Les Ontariens ont une opinion «très défavorable» :

5,5% des Amérindiens
5,2% des francophones
4,0% des immigrants
2,1 % des Juifs

Les francophones, eux, ont une opinion «très défavorable» :

6,5%  des Juifs
4,0% des Amérindiens
3,3% des immigrants
1,5% des Canadiens-anglais

Cette inversion est en soi intéressante. Les Canadiens-français sont les Juifs des Ontariens.

Plus intéressant encore: même si les Québécois avouent en bien plus grand nombre que les Ontariens une opinion défavorable des Juifs, ils sont moins enclins que les Ontariens à passer à l’acte antisémite.

Pour une fois, il faut féliciter les Québécois d’être des grands parleurs, mais des petits faiseurs… et espérer qu’ils ne soient ni l’un ni l’autre.

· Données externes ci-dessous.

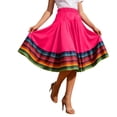 thumbnail image 1 of Arlun Women's Mexican Midi Skirts Plus Size Elastic High Waist Folklorico Dance Skirts Fashion Colorful Printed Loose Flowy Pleated Skirt 2026 Bohemian Summer Casual Wear Hot Pink XXXXXL, 1 of 4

Note en petits caractères :

Les billets « Temps durs pour les détracteurs du modèle québécois » ne prétendent pas que tout est parfait au Québec, tant s’en faut. L’auteur a d’ailleurs proposé, dans ses ouvrages et sur ce blogue, des réformes nombreuses et importantes visant à surmonter plusieurs des importants défis auxquels le Québec est confronté. Cependant, la série permet de percer quelques trous dans le discours ambiant qui tend à noircir la situation globale du Québec qui, pourtant, affiche d’assez bons résultats comparativement aux autres sociétés semblables.